You play back all the numbers in your head, slapping yourself over bone headed decisions you made in your younger years, hoping it was so long ago the loan officer would look pass it.
And then, you receive a phone call, email or letter saying, “I’m sorry but you were denied…” Feeling dejected, you slump in your chair and think, “What do I do now?”
I know the feeling, and after receiving one too many rejection letters, I began to ask, “Why am I getting rejected?
I had too much debt to income
I’ve had a knack for understanding financing, might be why I’m in the budget world as a full-time analyst. The major thing I tied to rejection letters was my high debt-to-income or what’s commonly known as Debt Ratios.
To calculate debt-to-income, divide the total amount of monthly debt payments by gross income. Most lenders like a ratio of 38-42%. I was exceeding 55%.

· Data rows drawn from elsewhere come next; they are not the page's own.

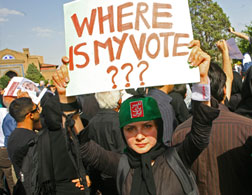 Iranian supporters of defeated reformist presidential candidate Mir Hossein Mousavi. Click image to expand.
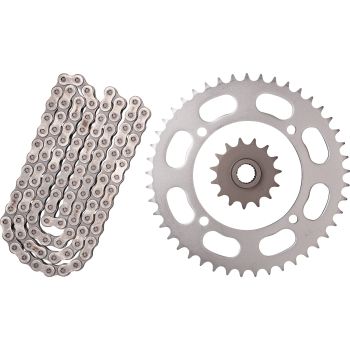 RX-Ring Chain Kit 15T front/45T rear ,106 links, open type, RK520XSO2, fine geared front sprocket, incl. clip- and rivet chain joint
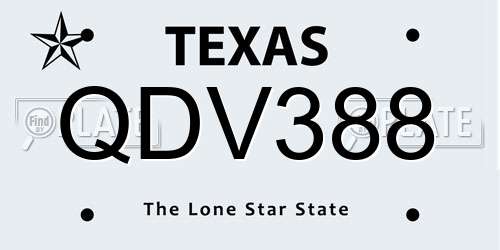 QDV388 Texas License Plate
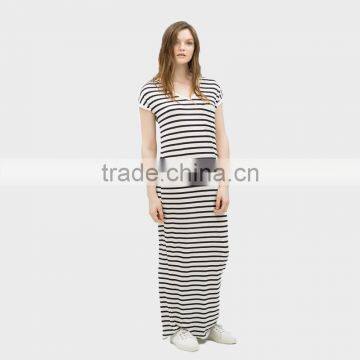 Ladies Stripe Dress Shortsleeve Maxi Dress photo-2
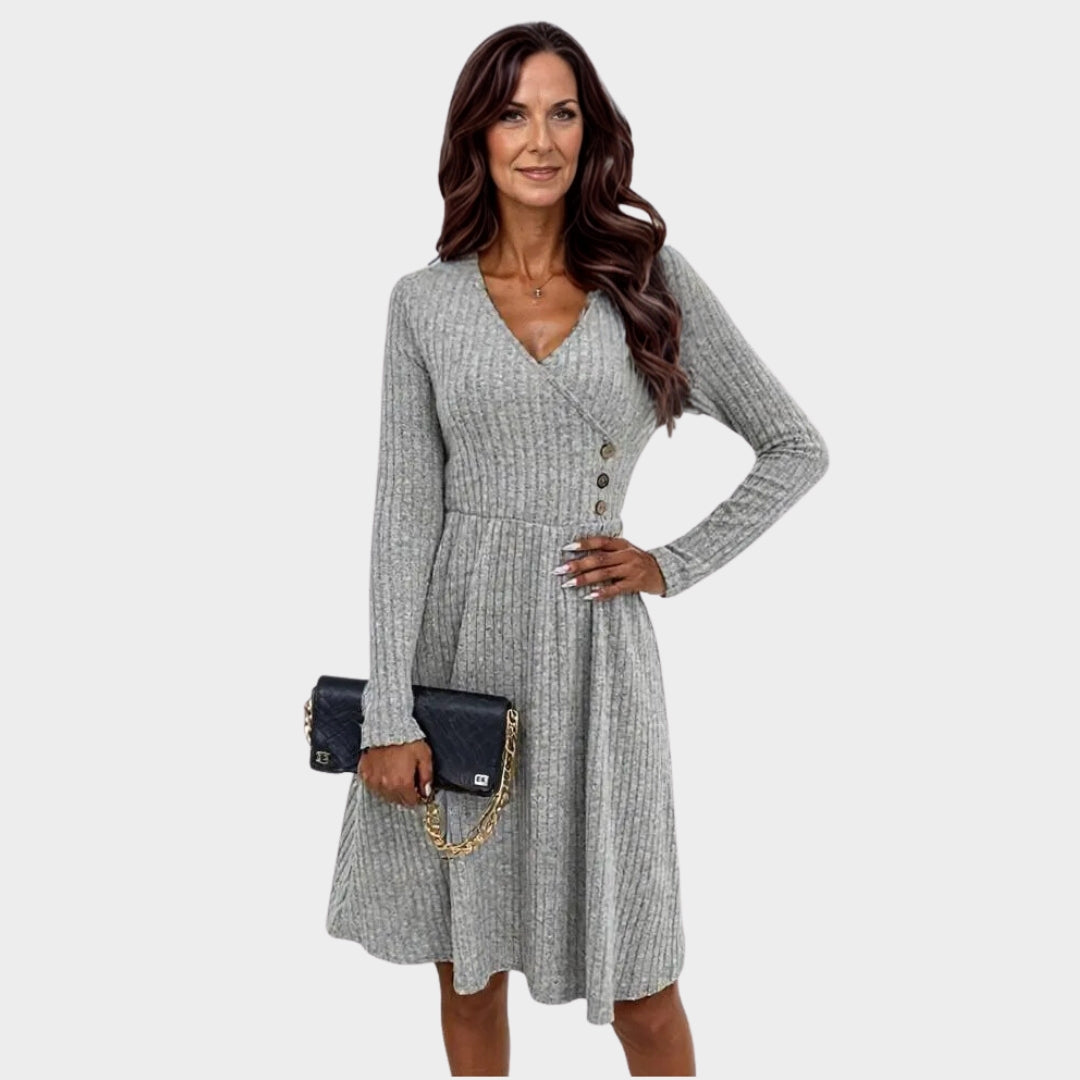 Women's Fall Winter Sweater Dress – V-Neck A-Line Knitted Midi Dress with Long Sleeves, Light Grey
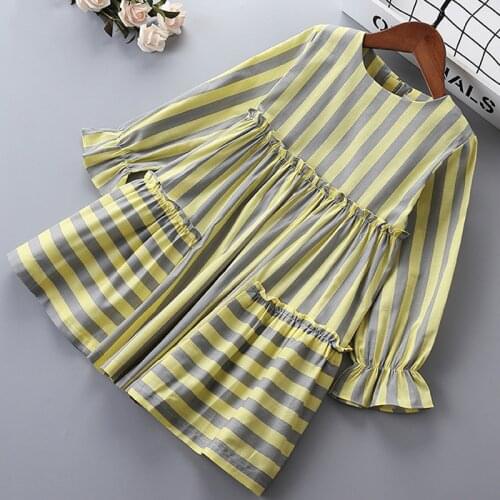 Girls Dress New Spring Autumn Flare Sleeve Striped Printed Princess Dresses Casual Kids Clothes Children Dress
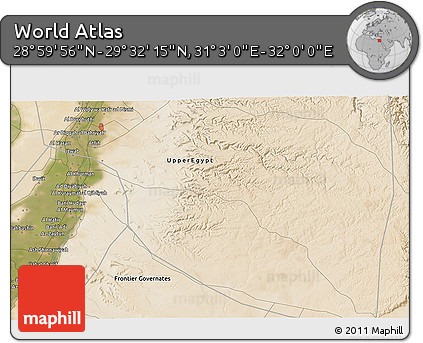 Satellite 3D Map of the Area around 29° 16' 6" N, 31° 31' 29" E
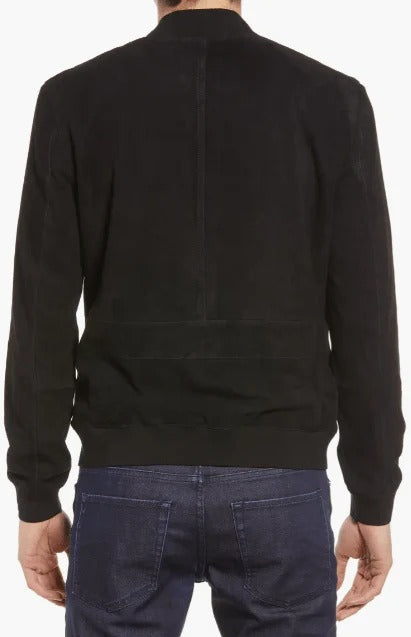 Men’s Premium Suede Bomber Jacket – Classic Leather Jacket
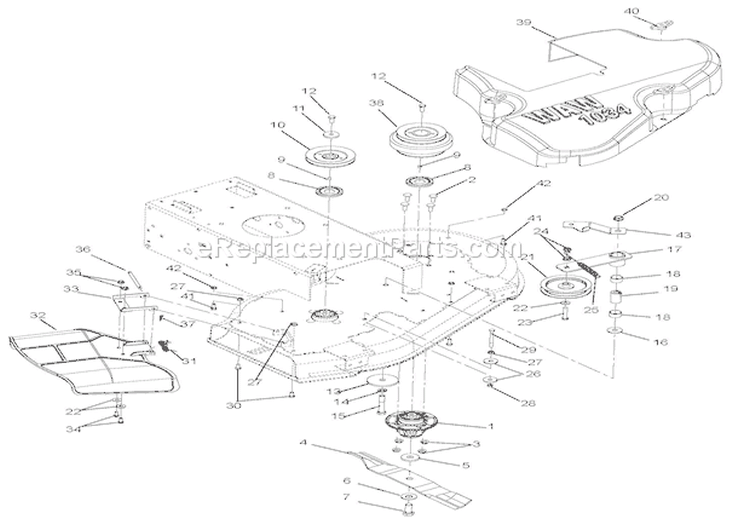 Deck Diagram and Parts List for 911403 000101 Ariens Lawn Mower
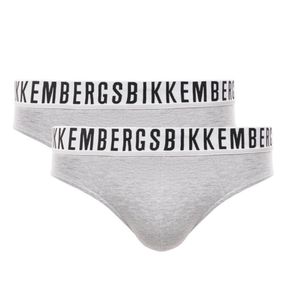 Фото Мужские трусы брифы серые набор 2 в 1 Bikkembergs ESSENTIAL BKK1USP01BI/2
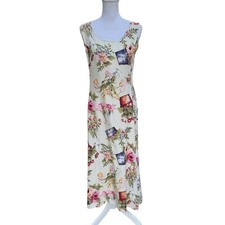 Vintage Express Floral Maxi Dress Rayon Size 4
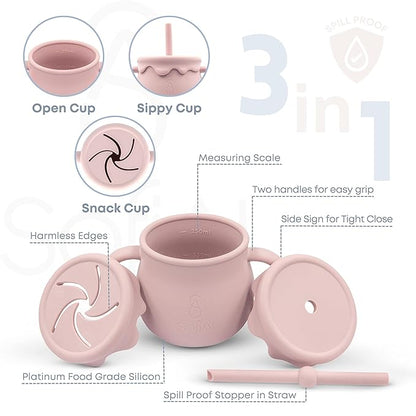 All In One Silicone Baby Feeding Set By SofiAl - Safe for 6-12 Months - Non-Toxic Baby Led Weaning Supplies - Toddler Self Feeding Utensils - BPA-Free - Mess Free Baby Feeding Essentials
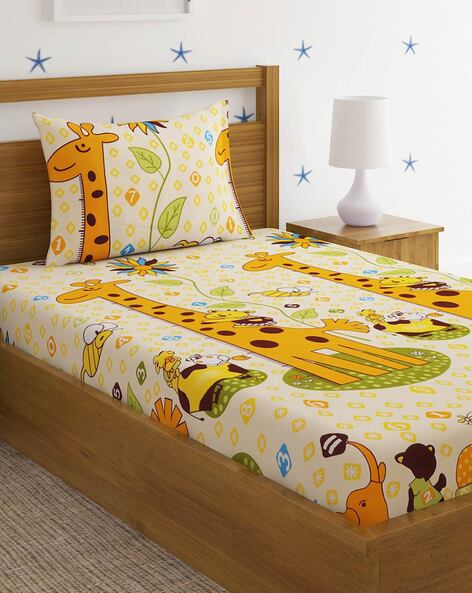 Cartoon print cotton single bed sheet hotsell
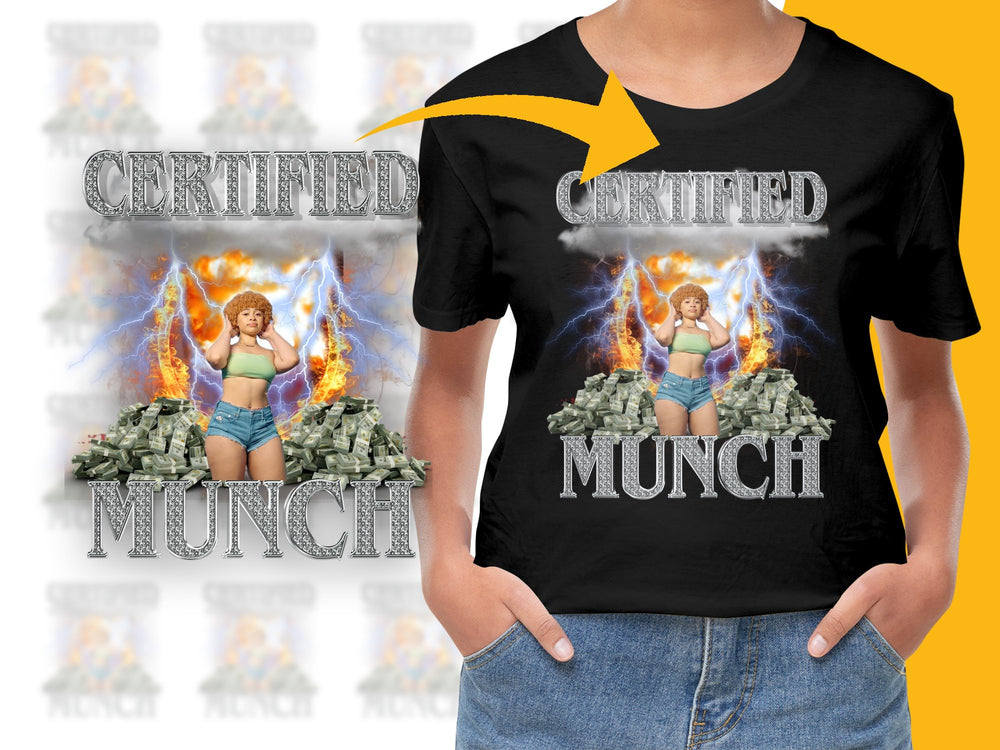 Certified Munch Fantasy Graphic T-Shirt, Colorful Fire and Money Design, Casual Streetwear Tee
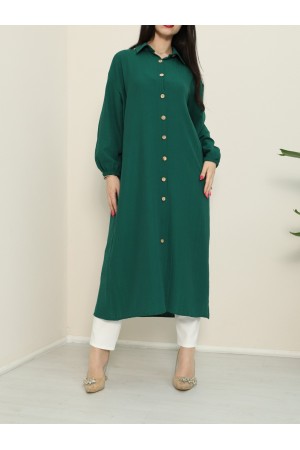 تونيك طويل مجعد بأكمام مرنة وأزرار في كل مكان -زمرد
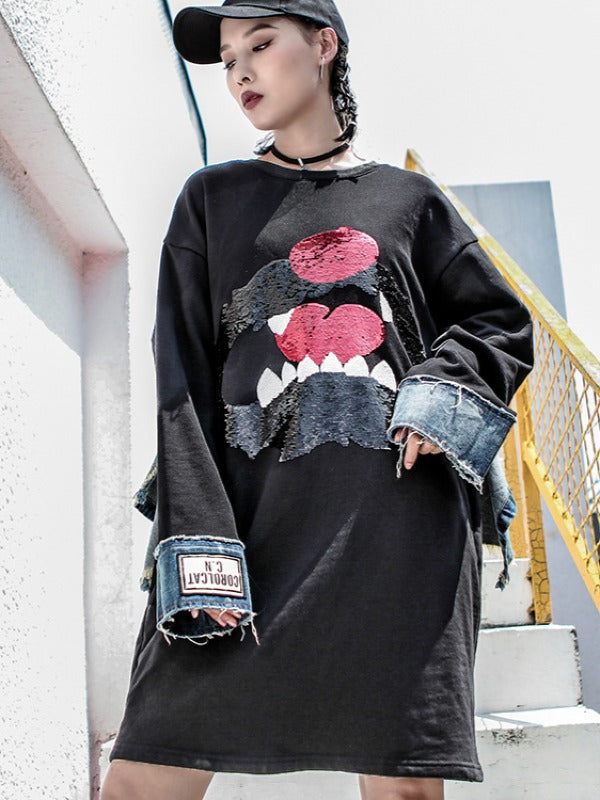 Stylish Loose Jean Cropped Splicing Print Hoodie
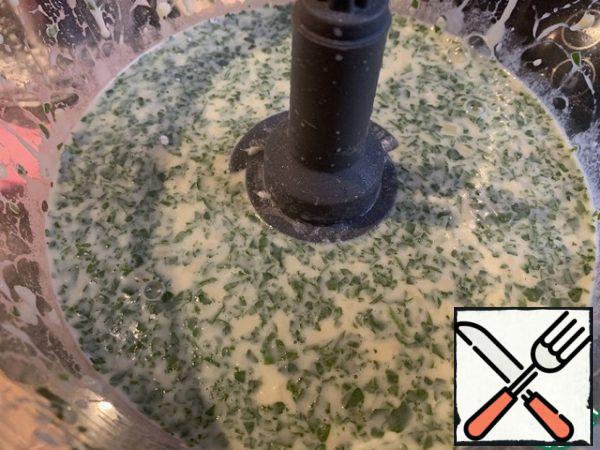 Beat the eggs with milk, salt and sugar, gradually add the flour, mixing well. Add 1 tbsp of vegetable oil, cheese and herbs to the dough and mix well. (I made the dough using a food processor, just put all the ingredients in the bowl of the processor and beat).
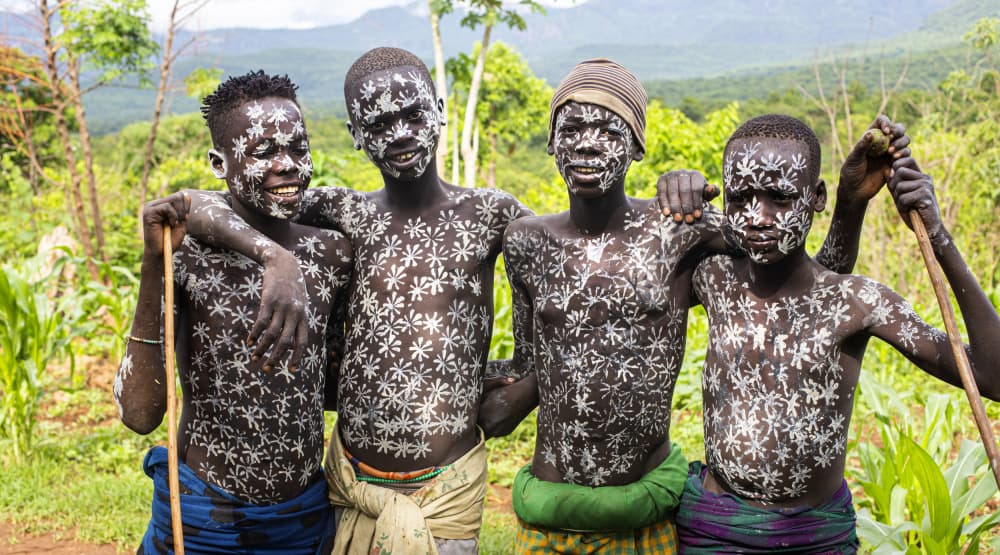 Smiling Tribal Boys by Iris Wiener — canvas wall art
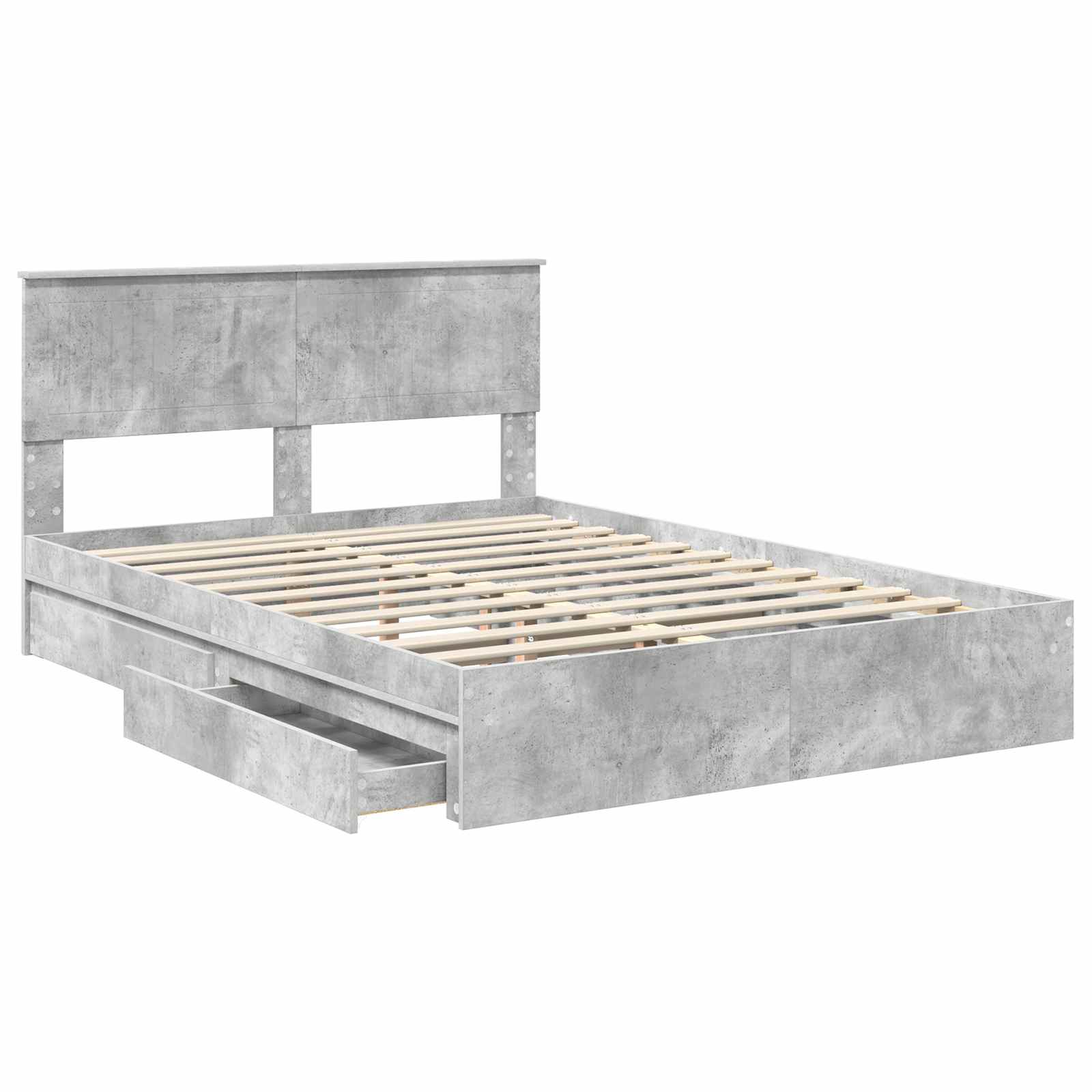 Κρεβάτι Αποθήκης Σκυρόδεμα Γκρι 135 x 190 cm Επεξεργασμένο ξύλο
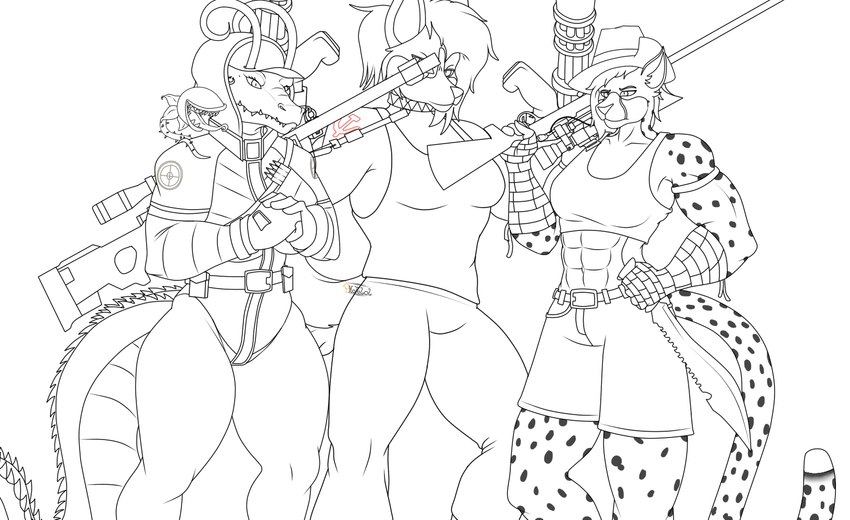 anthro australian_hat awp bandage clothed clothing female gatling_gun group gun hat headgear headwear holding_gun holding_object holding_ranged_weapon holding_weapon jewelry knife machine_gun markings midriff minigun muscular muscular_anthro muscular_female necklace plant ranged_weapon remington_700 rifle simple_background spots spotted_body tattoo weapon photolol.03 jessica_(photolol.03) kaila_(photolol.03) miss-mundany_(photolol.03) canid canine canis cheetah crocodile crocodilian felid feline mammal reptile scalie hi_res monochrome sketch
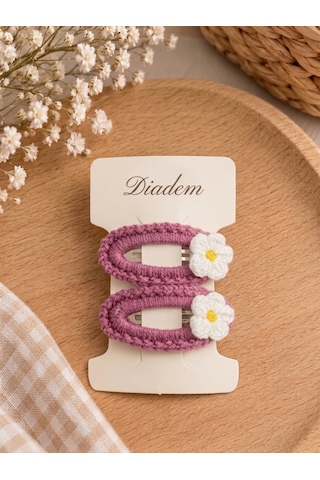 Diadem Aksesuar Diadem El Örgüsü Küçük Papatya Koyu Pembe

Credit card balances were nearly maxed out
I applied for credit cards usually to drop my interest rate and most times, the balance was close to maxed out.
This wasn’t good because high credit card or installment loan balances mean I’m drowning in debt, which tells lenders, I have no room for financial error.
I put myself in the bank’s shoes, would I lend money to someone who’s financially strapped and one decision away from financial insolvency? Nope!
My credit history was fairly new
I felt the “Credit history is relatively new or short” was a blanket statement credit bureaus put on every rejection letter.
It boggled my mind when reading that statement because I had 35+ open and closed accounts showing up on my credit report. Out of those, only 5 or 6 had open balances.
Receiving a rejection letter for a credit card or installment loan is the pits. Hopefully, these steps can save others from the nerve-racking feeling of not being “good enough.” At least that’s how I felt when a letter showed up in my mailbox.